6 February 2023 The Future is the Product of the Past

A 3300-year-old seal and a dagger/sword reminiscent of Mycenaean swords were discovered in the Heart of western Anatolia

A unique 3300-year-old seal and a sword/dagger reminiscent of Mycenaean swords were unearthed during the excavations of Tavşanlı Höyük (Tavşanlı Mound), the oldest known settlement in Kütahya, dating back 8000 years.

The excavations started in Tavşanlı Höyük, which is called the “Heart of Western Anatolia” because it looks like a heart in aerial shots, and continue in cooperation with the Ministry of Culture and Tourism and Bilecik Şeyh Edebali University.

It was announced that a unique 3300-year-old seal and a sword/dagger reminiscent of Mycenaean swords were unearthed in the excavations of Tavşanlı Höyük, with a post shared today from the official social account of the Department of Excavations and Researchs.

Heart of western Anatolia, Tavşanlı Höyük. Photo: Kütahya Governorate

Since Tavşanlı Höyük is located on the transition route between Western Anatolia and Central Anatolia regions, the studies carried out here are crucial in terms of understanding interregional communication.
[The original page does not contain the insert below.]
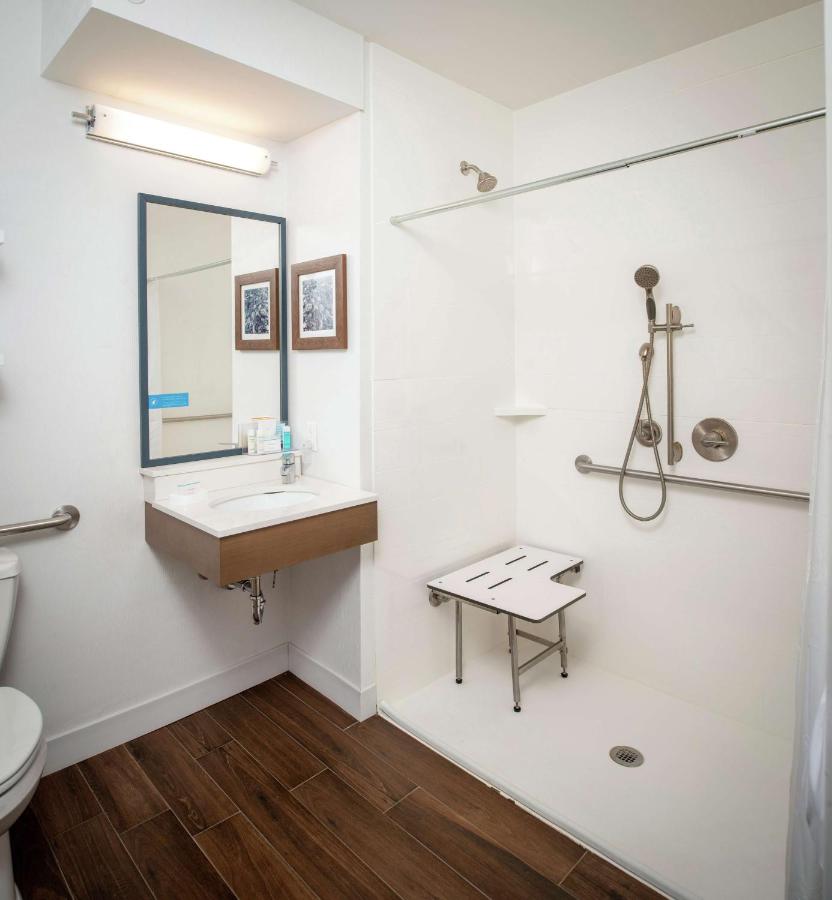 | Hampton Inn & Suites Binghamton/Vestal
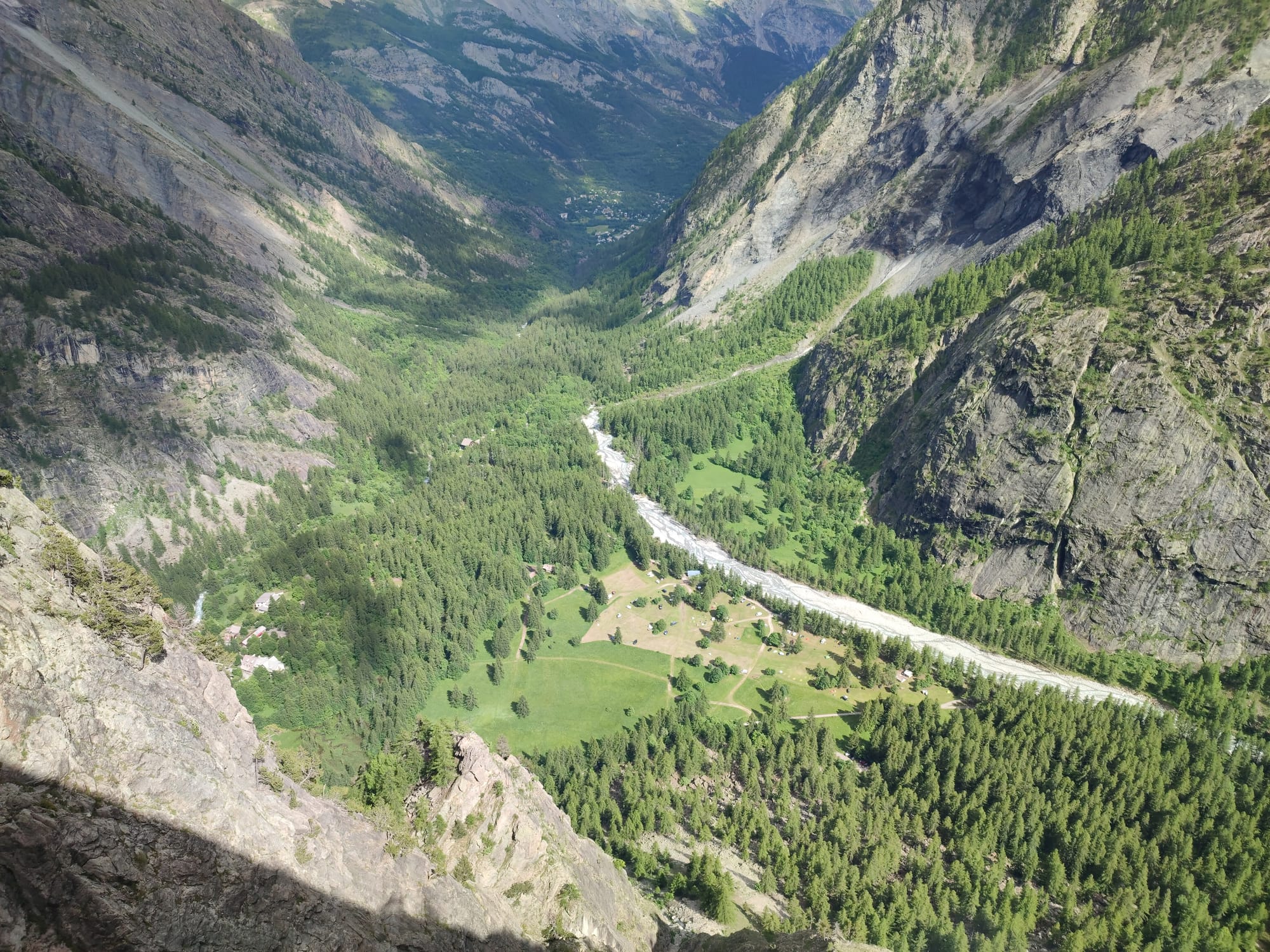 Vallée & Camping d'Ailefroide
The excavations of the mound, which spans an area of 45 hectares, are carried out by the Archeology Department of Bilecik Şeyh Edebali University. A team of 25 local and foreign experts accompanies the research carried out under the chairmanship of Associate Professor Erkan Fidan.

3300 years old seal
3300 years old seal. Twitter

The researchs determined that the settlement started to urbanize about 5000 years ago and became a big city 4000 years ago. With this settlement, the existence of a settlement that was contemporary with the last periods of the Hittite Empire, which was seen only in a few archaeological centers in Western Anatolia, was detected for the first time.

Tavşanlı Höyük is thought to be the capital of an unknown kingdom with an area of ​​50 hectares.

Sword/dagger reminiscent of Mycenaean swords. Twitter

The head of the excavation, Associate Professor Erkan Fidan, in a statement last year: “It is known that the peoples defined as Hatti in Central Anatolia and Luwi in Western Anatolia lived in this period. I can say that the Hittite civilization in Hatti and later is well known, but we do not have any information about the Luwian cities. I think that Tavşanlı Höyük may be a city belonging to the Luwians, which is seen as a missing link in Anatolian history,” he said.

According to the results of carbon 14 analyzes carried out in Tavşanlı Höyük, which is the oldest known settlement in Kütahya, it was determined that settlement began in this area 8,100 years ago.